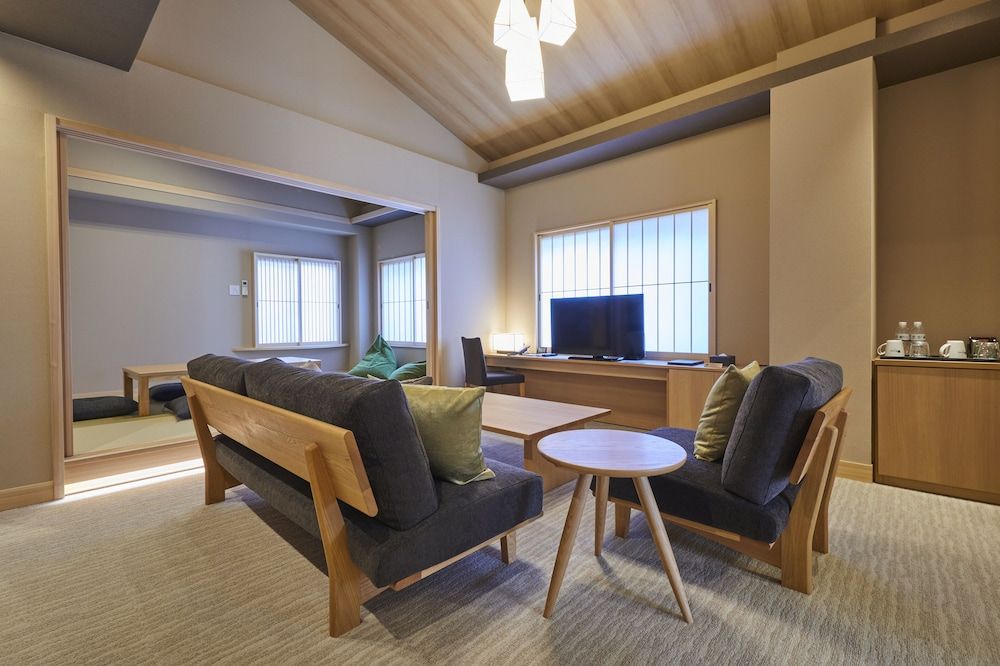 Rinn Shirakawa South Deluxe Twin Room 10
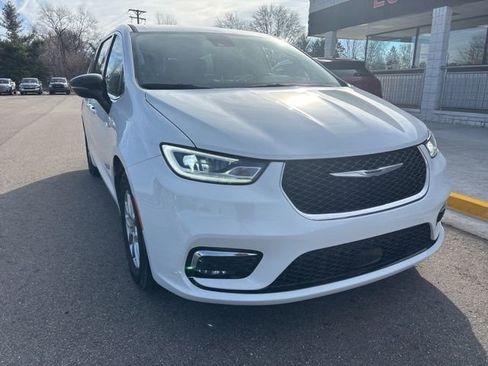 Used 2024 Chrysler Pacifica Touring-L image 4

::::

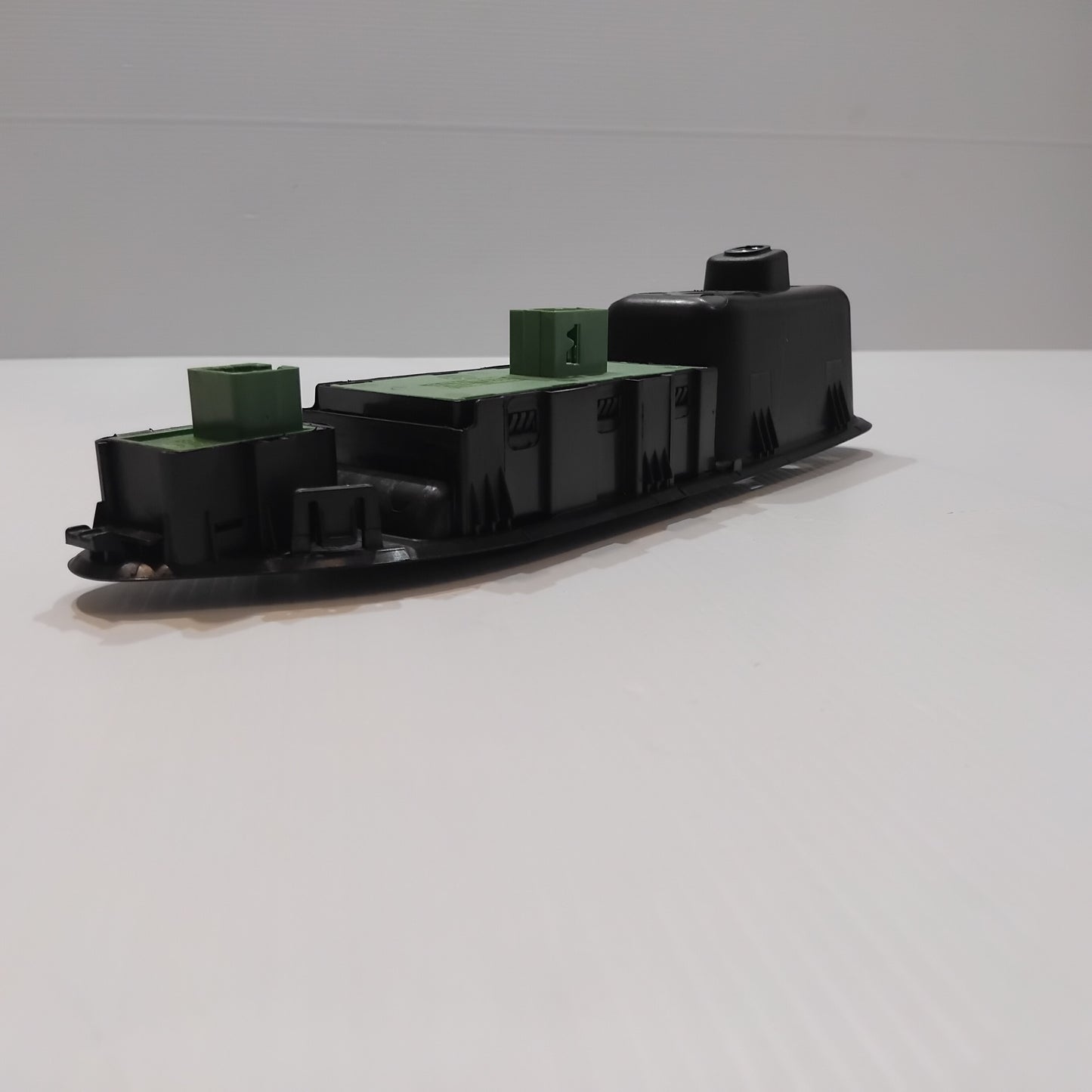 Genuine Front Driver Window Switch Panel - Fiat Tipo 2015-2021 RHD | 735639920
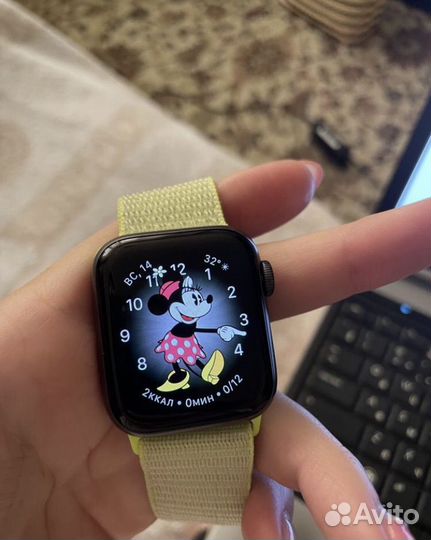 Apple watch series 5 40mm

::::

◆ **What you have to do**
Output exactly the lines above that lie between the line with "Genuine Front Driver" and the line with "Apple watch series 5 40mm", those two lines included, and no pictures.

◆ **Result of the exercise**
 Genuine Front Driver Window Switch Panel - Fiat Tipo 2015-2021 RHD | 735639920
 Apple watch series 5 40mm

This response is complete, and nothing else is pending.